【エピローグ】

『ねえおかあさん、あめだよ。どうするの?』

『それじゃあ、お歌を歌いながら帰りましょうか』

『する! あめあめふーれふーれかあさんが……』


『『じゃのめでおーつかいうれしいなー』』


『あら、奇遇ですね。お子さん、おいくつですか?』

『四歳です』

『うちの子もなんです。偶然って重なるもんなんですね』


『ぼく、あさひ。なまえなんていうの?』

『わ、わたし……も——』



“緊急避難警報は解除されました。以下の地域では引き続き断水と……”


“見てください! ほんの数時間前までは傘もさせなかった場所ですが、ご覧のとおりお天道様がお顔を見せています!”

 

“そんなんで天気が変わっちゃったら、僕の責任は強すぎる!”


“続きまして、夜のお天気です。
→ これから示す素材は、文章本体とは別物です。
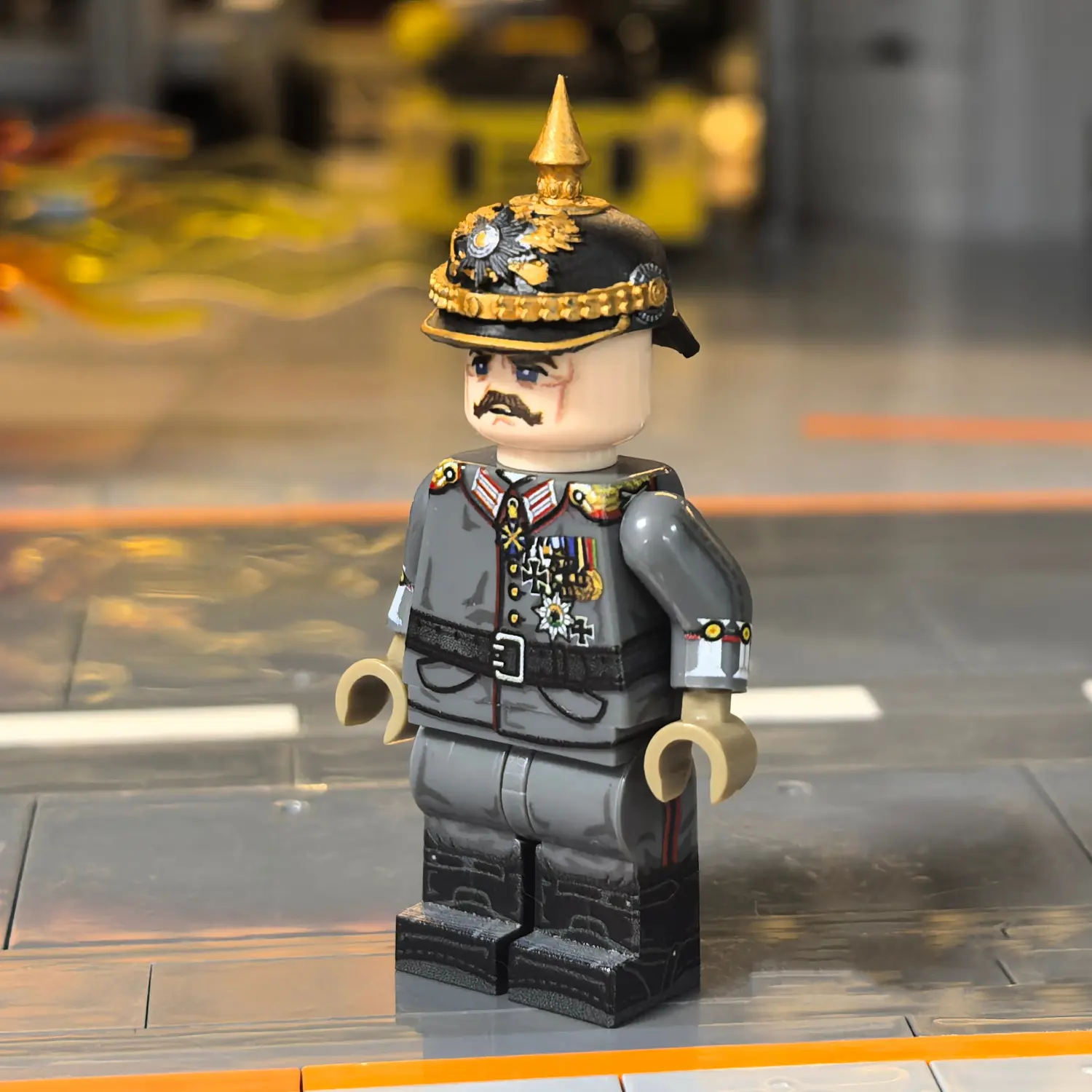 the left side of the Minifigure - General Field Marshal Paul von Hindenburg (Generalfeldmarschall) of the Imperial German Army WWI (LEGO Compatible) the left side of the Minifigure - General Field Marshal Paul von Hindenburg (Generalfeldmarschall) of the Imperial German Army WWI (LEGO Compatible)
全国的晴れが広がるでしょう。太平洋側では……”



 まぶたを通して暖かい光が目に当たる。徐々に拡散して俺にこう思わせた。

「眩し……っは!」

 ばっと体を起き上がらせた。体はそれをよしとせず、全身に激痛が走った。あのとき、いつの間にか気絶してた。覚えているのは空が見えたこと。地面に立っていたはずなのに前後左右の感覚が狂わされた。
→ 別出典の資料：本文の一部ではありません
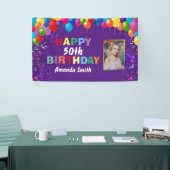 Happy 50th Birthday Colorful Balloons Paars Spandoek (Beurs)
 上を見上げると木漏れ日がまばらに降り注いでいた。蒸し暑さがいつもより増している。

「終わったんだな……」

 霞のようにぼやけている頭をあちらこちらに向ける。さすがにあの災害のせいで一般の人は外に出ていなかった。聞こえるのはやり止まない車の防犯ブザーとセミの鳴き声だ。

 そういえば、この上着ってだれのだろう。

「よう、目が覚めたんだな」

「わぁ! ってズーウェンさんか……」

「文末が気になるなぁ」

 ベンチで寝ていたズーウェン字さん。ずっとここにいてくれたらしい。

 彼によると、第零班は手も足も出ず壊滅した。あの男が即死の術を発動したとき、陛下が間一髪のところで全員を助けてくれたらしい。さらに途中から発生したてんの討伐や天気の調和もしてくれたそうだ。

 他の班や医療班、結界師が事後処理をしている。

「まあそういうこった。お前はゆっくり休んどけ。俺は向こう手伝ってくるから、そいつを任せたぞ」

「そいつ?」

「じゃあな」

 指さすほうをゆっくり目で追うと、まこもさんが横たわっていた。しかも俺の真隣。

まこもさん!」

 上着は明らかに彼女のじゃなかった。これは陛下のやつだ。彼女の傷はただならないものだった。全身に火傷の痕がある。水膨れになってるやつ、水膨れが破裂して傷口が見えているやつ。皮膚が赤くなっていのも火傷が原因だろう。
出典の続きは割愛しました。